Fine-grained recognition: Accounting for subtle differences between similar classes

Guolei Sun, ETH Zürich
Hisham Cholakkal, Inception Institute of Artificial Intelligence
Salman Khan, Inception Institute of Artificial Intelligence
Fahad Shahbaz Khan, Inception Institute of Artificial Intelligence
Ling Shao, Inception Institute of Artificial Intelligence

Abstract

The main requisite for fine-grained recognition task is to focus on subtle discriminative details that make the subordinate classes different from each other. We note that existing methods implicitly address this requirement and leave it to a datadriven pipeline to figure out what makes a subordinate class different from the others.
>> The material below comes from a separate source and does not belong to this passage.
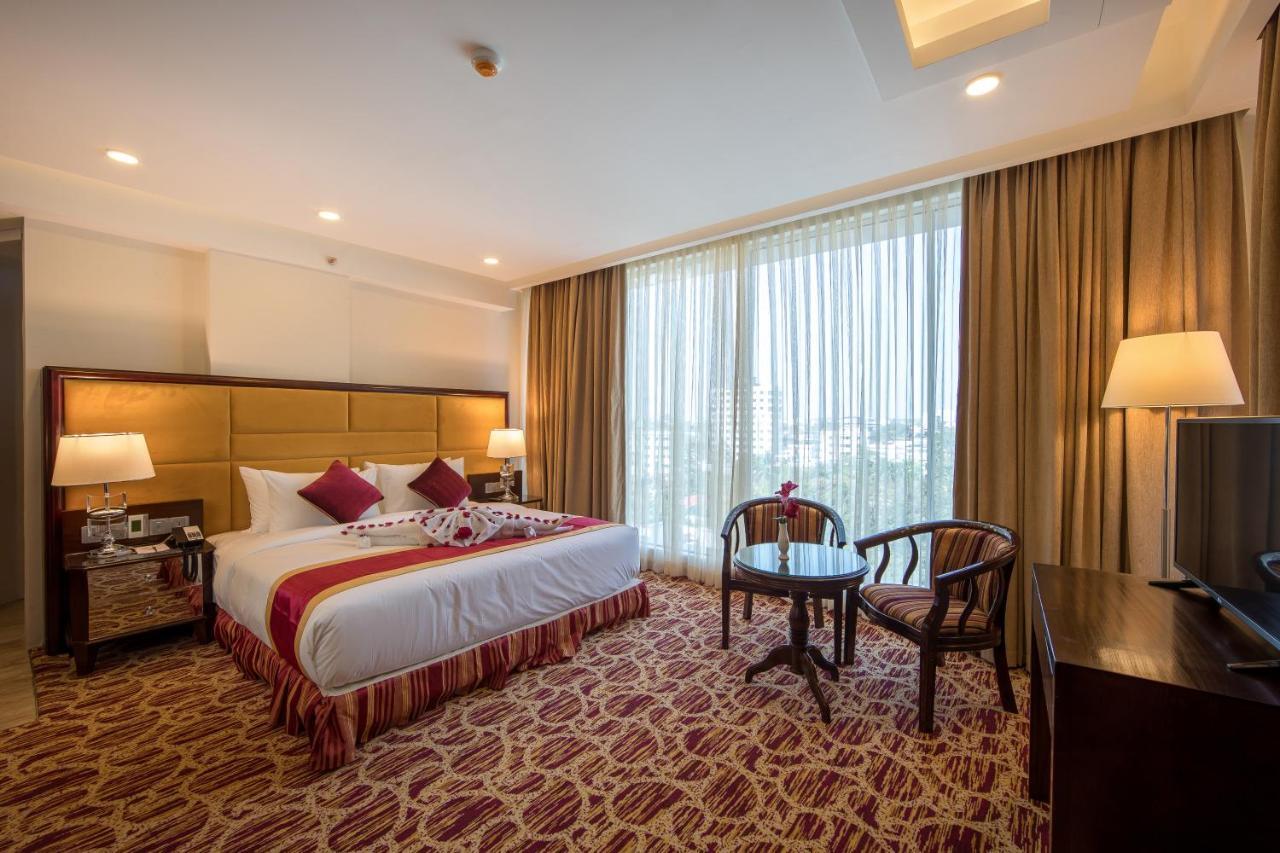 Grand Palace Hotel & Resorts 실헷 외부 사진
This results in two major limitations: First, the network focuses on the most obvious distinctions between classes and overlooks more subtle inter-class variations. Second, the chance of misclassifying a given sample in any of the negative classes is considered equal, while in fact, confusions generally occur among only the most similar classes. Here, we propose to explicitly force the network to find the subtle differences among closely related classes. In this pursuit, we introduce two key novelties that can be easily plugged into existing end-to-end deep learning pipelines. On one hand, we introduce "diversification block"which masks the most salient features for an input to force the network to use more subtle cues for its correct classification. Concurrently, we introduce a "gradient-boosting"loss function that focuses only on the confusing classes for each sample and therefore moves swiftly along the direction on the loss surface that seeks to resolve these ambiguities. The synergy between these two blocks helps the network to learn more effective feature representations. Comprehensive experiments are performed on five challenging datasets. Our approach outperforms existing methods using similar experimental setting on all five datasets.